Around 1:00 p.m. Monday, Lynchburg law enforcement received a call on a non-emergency line about a machine gun in E.C. Glass High School, triggering a lockdown, according to ABC13 News. In a hoax in Loudoun County, a 911 caller reported an active shooter at two high schools, according to social media posts from the Leesburg Police and the Loudoun Sheriff’s Office. Several Hampton Roads-area districts were the targets of similar false reports on Monday morning, according to 13NewsNow. Some reports described the calls as “swatting” incidents where false reports are made to provoke over-the-top police responses, including with SWAT teams. Charlottesville High School was also the subject of a hoax call, triggering response from Charlottesville police and fire units.
“Calling in a false report to the police is illegal; our officers are currently investigating this crime,” Charlottesville said in a press release Monday. “In addition, this false report caused extreme stress and disruption at CHS and in our community. Counselors and mental health professionals are on hand at the school to speak with students and staff. We encourage families to check in with their students tonight.”
Similar reports were made in Arlington, Fauquier, Greensville, Shenandoah, Culpeper, Warren, Mecklenberg, and Spotsylvania, according to a list compiled by Twitter-based reporter Molly Conger. On Tuesday, Charlottesville law enforcement received another false report, according to NBC29.com.
FBI’s Richmond field office’s Public Affairs Specialist Dee Rybiski said in a statement, “FBI Richmond is aware of a number of swatting incidents occurring within the Commonwealth, wherein reports of an active shooter at several schools have been made.”
Governor Glenn Youngkin’s spokesperson Macaulay Porter said in a statement, “These calls are despicable and the governor takes any threat of violence against our students and their safety seriously. Governor Youngkin and his administration remain actively engaged. The state police is supporting several of the law enforcement agencies impacted by the calls and supporting them in their ongoing investigations. Last week, a similar threat occurred in Lunenburg County, which resulted in an arrest thanks to the aggressive investigative efforts of the Lunenburg County Sheriff and the Virginia State Police High Tech Crimes Division. The Secretary of Public Safety and Homeland Security Bob Mosier is coordinating with the Virginia Fusion Center and providing assistance.”

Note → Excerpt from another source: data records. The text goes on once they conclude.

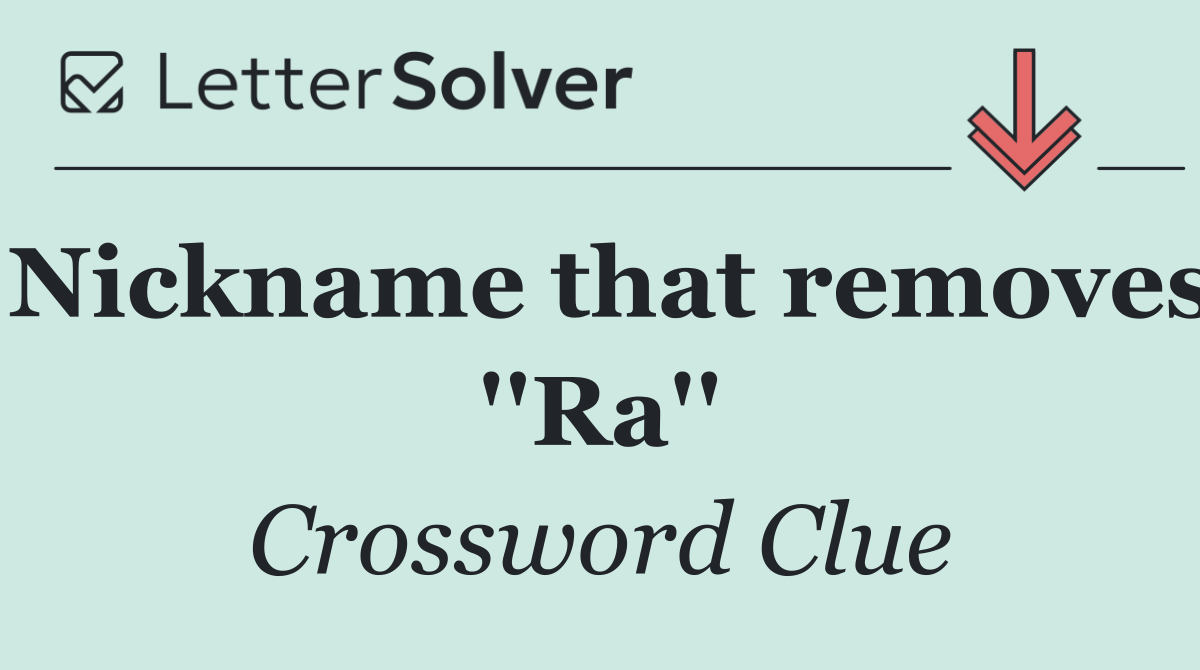 Nickname that removes ''Ra''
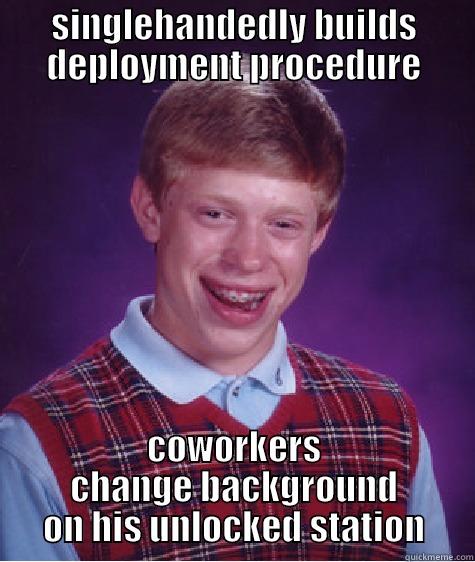 SINGLEHANDEDLY BUILDS DEPLOYMENT PROCEDURE COWORKERS CHANGE BACKGROUND ON HIS UNLOCKED STATION Bad Luck Brian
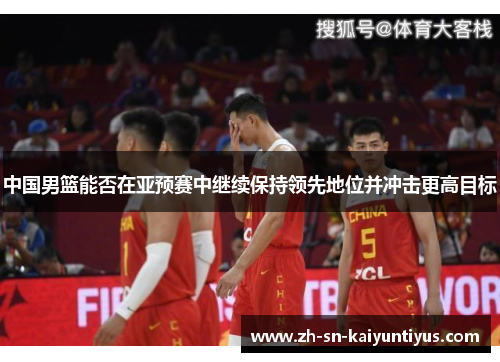 中国男篮能否在亚预赛中继续保持领先地位并冲击更高目标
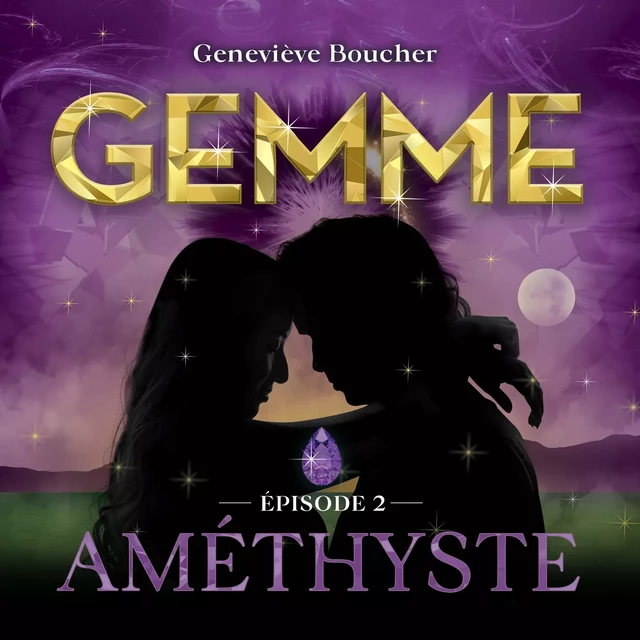 Gemme - T.2 : Amethyste - Geneviève Boucher - Kampus Média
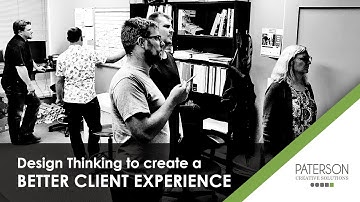 Design Thinking to Create an Even Better Client Experience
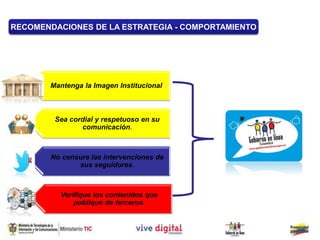 Mantenga la Imagen Institucional.
Sea cordial y respetuoso en su
comunicación.
No censure las intervenciones de
sus seguidores.
RECOMENDACIONES DE LA ESTRATEGIA - COMPORTAMIENTO
Verifique los contenidos que
publique de terceros.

“The attorney general is aware of threats and our office has been monitoring. Attorney General Miyares is thankful our students are safe,” Attorney General Jason Miyares’ spokesperson Victoria LaCivita said. “Calling in a false threat is illegal and is a class 1 misdemeanor, punishable by 12 months in jail and a $2,500 fine.”
The Virginia State Police are investigating the reports. Geller asked that anyone with information call 911 or, to reach the VSP, call #77 or email [email protected].
Schools in Colorado, New Mexico, and Illinois were also targeted Monday, according to social media from local officials. MyFox8.com reported that multiple schools in North Carolina were targeted Tuesday.
Last week, a series of threats and hoax calls were made against schools in Houston, Texas, according to Houston Public Media. KWCH.com reported a similar situation last week in Kansas, and noted that schools in California, Oklahoma, and Missouri all received similar calls within 48 hours of the Kansas report. Local authorities in Arkansas and Florida also reported events around the same time.
Rybiski also shared the national FBI statement: “The FBI takes swatting very seriously and will work with our local, state and federal law enforcement partners to collect, share and act upon threat information as soon as it’s brought to our attention and until such time the threat is deemed credible or not. Hoax threats cause undue stress for students, teachers, parents, and other community members – and can be prosecuted as a crime. We urge our community to remain vigilant, and report any and all suspicious activity and/or individuals to law enforcement immediately.”